2.2 Experimental protocol
The Oroboros Oxygraph was used to measure respiration rates in zebrafish (Figure 1A). Zebrafish were used at the following ages: embryos at 5 days post fertilization, larvae sized 0.6–0.9 cm long, 3-month-old adults, and 12-month-old adults old. For each experiment, sixty embryos, five larvae, or one young or old adult were used. Zebrafish embryos are so tiny that their individual oxygen consumption in the embryonic medium is very difficult to assess. To get around this issue, we pooled 60 embryos per experiment. While larvae are larger we still required 5 larvae per experiment. Therefore, for each experiment, sixty embryos, five larvae, or one young or old adult were used (n denotes the number of experiments performed). For each experiment, basal, non-mitochondrial, and complex IV respiration rates were measured. As a result, we have 4–5 oligomycin (leak) experiments and 4–5 FCCP (maximum) experiments. Before being placed in the chamber with 2 mL of zebrafish E3 experimental medium, zebrafish were washed in experimental media. For measurements with the embryos, the provided stir bar from Oroboros was used. For larvae and adult zebrafish, a thinner stir bar (FisherbrandTM Octagon SpinbarTM Magnetic Stirring Bars Cat # 14-513-98) was used. Stirrer speeds were set to 26 rpm unless otherwise noted. We chose this speed because faster speeds have the potential to homogenizer the embryos. All respiration rates were allowed to stabilize for 5 min. The temperature was set to 28°C. A calibration for the oxygen concentration was performed for each experiment. Oxygen consumption rates were normalized to the number embryos and larvae.

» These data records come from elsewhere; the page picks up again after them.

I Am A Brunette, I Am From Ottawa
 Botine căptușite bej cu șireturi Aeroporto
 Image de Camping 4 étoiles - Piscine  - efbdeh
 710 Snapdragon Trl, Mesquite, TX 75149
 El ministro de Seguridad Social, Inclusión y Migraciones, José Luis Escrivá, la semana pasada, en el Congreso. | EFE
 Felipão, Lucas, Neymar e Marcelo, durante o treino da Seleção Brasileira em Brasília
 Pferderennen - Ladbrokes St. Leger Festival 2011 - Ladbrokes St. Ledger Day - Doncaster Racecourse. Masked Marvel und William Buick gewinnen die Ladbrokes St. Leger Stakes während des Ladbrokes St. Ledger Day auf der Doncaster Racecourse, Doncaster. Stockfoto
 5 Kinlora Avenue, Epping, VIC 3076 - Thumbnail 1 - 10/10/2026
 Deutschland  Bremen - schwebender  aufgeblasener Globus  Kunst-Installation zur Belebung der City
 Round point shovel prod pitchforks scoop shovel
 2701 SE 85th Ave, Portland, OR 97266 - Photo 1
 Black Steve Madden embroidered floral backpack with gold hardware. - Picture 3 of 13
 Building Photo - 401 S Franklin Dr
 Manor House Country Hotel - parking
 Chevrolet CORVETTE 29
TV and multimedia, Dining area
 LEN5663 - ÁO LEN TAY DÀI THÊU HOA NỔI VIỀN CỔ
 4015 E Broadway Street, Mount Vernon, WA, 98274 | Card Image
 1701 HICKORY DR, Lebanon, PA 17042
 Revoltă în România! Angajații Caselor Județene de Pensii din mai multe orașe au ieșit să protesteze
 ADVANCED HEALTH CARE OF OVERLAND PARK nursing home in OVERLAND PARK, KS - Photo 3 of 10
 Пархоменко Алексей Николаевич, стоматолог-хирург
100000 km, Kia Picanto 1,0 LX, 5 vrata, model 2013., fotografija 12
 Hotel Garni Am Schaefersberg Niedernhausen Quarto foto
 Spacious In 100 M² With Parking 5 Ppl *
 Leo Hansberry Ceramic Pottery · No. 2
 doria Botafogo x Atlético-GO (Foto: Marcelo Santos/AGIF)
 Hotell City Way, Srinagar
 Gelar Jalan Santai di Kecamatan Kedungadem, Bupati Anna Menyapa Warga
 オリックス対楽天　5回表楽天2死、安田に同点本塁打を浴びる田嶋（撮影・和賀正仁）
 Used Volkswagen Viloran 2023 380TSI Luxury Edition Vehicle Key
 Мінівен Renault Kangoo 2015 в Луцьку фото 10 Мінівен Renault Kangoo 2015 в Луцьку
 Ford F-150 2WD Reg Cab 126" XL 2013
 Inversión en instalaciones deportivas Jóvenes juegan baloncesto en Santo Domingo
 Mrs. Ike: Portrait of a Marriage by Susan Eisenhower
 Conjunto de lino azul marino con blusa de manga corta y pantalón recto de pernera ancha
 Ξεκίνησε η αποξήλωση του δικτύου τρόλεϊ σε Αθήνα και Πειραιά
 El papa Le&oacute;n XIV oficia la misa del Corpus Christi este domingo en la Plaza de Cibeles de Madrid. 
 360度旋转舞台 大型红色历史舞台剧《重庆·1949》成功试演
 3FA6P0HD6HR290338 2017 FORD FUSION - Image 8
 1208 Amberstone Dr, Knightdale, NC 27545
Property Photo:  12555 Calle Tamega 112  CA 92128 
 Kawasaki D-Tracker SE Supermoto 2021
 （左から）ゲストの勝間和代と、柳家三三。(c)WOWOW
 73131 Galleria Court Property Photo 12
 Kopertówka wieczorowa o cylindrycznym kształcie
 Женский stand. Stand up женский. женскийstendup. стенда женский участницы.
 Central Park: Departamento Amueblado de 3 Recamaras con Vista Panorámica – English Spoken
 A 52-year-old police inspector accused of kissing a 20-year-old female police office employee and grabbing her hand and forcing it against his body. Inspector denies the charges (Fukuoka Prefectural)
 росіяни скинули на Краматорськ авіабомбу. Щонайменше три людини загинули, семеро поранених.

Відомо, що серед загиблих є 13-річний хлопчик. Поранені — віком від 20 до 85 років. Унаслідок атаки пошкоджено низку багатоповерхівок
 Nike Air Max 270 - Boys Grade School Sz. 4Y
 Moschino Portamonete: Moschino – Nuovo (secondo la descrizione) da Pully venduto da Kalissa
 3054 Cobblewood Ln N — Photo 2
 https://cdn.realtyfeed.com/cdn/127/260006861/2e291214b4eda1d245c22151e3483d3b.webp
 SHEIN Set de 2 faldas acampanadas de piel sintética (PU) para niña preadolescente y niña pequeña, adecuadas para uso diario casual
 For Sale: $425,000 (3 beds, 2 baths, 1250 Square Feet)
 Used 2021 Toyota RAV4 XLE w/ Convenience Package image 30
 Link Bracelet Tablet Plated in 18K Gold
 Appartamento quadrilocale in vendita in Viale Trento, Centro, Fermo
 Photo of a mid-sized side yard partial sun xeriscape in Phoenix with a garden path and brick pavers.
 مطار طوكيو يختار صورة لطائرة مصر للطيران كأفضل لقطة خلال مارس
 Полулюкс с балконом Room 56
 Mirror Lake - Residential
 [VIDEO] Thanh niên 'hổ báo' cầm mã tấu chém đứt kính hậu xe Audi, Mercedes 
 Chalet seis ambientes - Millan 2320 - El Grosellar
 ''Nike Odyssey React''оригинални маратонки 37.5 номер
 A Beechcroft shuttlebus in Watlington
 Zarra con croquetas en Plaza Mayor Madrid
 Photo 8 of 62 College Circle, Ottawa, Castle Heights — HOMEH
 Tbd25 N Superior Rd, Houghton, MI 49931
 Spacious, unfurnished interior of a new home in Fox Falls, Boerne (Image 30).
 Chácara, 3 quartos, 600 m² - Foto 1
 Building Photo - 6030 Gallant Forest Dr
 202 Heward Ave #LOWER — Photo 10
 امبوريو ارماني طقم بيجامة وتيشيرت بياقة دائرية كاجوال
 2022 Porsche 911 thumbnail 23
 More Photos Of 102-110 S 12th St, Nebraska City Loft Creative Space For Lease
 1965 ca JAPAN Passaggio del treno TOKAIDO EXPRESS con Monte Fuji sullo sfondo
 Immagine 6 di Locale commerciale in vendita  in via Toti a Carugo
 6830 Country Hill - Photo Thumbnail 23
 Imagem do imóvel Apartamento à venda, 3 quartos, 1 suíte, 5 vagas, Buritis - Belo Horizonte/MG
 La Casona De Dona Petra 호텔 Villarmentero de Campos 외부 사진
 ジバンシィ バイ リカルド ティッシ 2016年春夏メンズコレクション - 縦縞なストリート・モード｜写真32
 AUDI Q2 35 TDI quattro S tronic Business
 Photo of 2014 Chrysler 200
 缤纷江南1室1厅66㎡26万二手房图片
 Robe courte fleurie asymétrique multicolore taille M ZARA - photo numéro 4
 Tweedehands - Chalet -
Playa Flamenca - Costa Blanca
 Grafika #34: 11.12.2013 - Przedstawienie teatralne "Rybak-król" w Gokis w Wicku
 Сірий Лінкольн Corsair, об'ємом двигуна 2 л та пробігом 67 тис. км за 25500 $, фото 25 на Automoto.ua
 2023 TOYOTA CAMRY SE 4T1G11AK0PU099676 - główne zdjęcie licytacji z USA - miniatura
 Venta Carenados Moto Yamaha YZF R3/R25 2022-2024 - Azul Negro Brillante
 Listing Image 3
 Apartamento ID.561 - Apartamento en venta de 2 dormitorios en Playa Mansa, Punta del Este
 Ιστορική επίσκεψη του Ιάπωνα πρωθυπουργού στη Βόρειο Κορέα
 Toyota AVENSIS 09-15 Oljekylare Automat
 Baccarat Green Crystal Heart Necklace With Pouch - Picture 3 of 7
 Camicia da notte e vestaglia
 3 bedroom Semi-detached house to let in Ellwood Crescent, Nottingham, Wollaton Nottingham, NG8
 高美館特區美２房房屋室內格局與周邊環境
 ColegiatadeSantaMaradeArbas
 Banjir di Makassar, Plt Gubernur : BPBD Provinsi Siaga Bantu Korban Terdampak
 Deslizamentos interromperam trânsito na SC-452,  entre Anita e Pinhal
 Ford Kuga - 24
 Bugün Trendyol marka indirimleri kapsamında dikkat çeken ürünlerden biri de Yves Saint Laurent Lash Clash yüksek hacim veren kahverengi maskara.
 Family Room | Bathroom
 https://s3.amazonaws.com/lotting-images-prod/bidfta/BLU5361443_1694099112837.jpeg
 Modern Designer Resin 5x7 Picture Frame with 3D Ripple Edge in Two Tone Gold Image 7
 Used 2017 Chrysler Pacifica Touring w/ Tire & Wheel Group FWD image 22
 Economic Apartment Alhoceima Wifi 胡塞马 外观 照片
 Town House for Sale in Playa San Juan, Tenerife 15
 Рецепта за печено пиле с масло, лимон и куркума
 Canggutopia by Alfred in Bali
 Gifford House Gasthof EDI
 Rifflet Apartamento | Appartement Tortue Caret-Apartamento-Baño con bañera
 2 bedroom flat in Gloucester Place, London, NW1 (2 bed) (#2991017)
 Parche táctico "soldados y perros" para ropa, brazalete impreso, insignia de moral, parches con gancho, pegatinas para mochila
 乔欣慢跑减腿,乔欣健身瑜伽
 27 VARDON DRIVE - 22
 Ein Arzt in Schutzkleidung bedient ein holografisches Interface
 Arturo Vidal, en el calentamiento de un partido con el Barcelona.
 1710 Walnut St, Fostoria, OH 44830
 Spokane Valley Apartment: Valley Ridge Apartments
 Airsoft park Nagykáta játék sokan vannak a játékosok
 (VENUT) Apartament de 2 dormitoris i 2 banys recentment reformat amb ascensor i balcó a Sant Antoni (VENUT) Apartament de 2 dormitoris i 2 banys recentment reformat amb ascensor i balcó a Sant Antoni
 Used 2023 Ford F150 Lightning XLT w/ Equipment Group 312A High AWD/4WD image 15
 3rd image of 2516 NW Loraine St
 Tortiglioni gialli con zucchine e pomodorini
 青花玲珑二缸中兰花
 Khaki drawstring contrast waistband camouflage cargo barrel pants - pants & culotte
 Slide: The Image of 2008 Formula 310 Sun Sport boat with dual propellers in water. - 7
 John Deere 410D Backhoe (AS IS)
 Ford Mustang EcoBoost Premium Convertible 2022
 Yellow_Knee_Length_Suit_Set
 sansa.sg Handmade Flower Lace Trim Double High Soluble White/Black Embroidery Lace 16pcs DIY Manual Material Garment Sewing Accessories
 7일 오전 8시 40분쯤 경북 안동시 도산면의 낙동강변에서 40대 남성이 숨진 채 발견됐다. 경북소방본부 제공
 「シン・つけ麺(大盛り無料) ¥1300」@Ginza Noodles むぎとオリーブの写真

FIGURE 1. (A) Representation of the zebrafish in the chambers, the Oroboros Oxygraph, and the information output for each age of the zebrafish. The zebrafish are placed in the Oroboros oxygraph chamber with 2 mL of E3 media with the stirrer speed set to 26 rpm. The chambers are closed to accurately measure the oxygen concentration in the chamber. If additional reagents are added, they are added through the standpipes via a Hamilton syringe. An example of the output in embryos is on the right side of the figure. The blue line is oxygen concentration in the chamber. The red line is the tangent of the blue line. (B) Mitochondrial respiration measurements in 5 days post fertilization embryos using the Oroboros stir bar set at a speed of 26 rpm. Basal respiration was measured 5 min after the embryos acclimated to the chamber (circles). Oligomycin was used to initiate leak respiration (25 μM; squares). Maximum respiration was achieved by adding FCCP (2.5 µM, triangles). Rotenone (1.3 µM) and antimycin A (1.8 µM) were used to determine non-mitochondrial respiration (upside down triangles). Complex IV activity (diamonds) was measured by the addition of ascorbate (10 mM) and TMPD (0.3 mM). Each point equates to one experiment and each experiment contains 60 embryos.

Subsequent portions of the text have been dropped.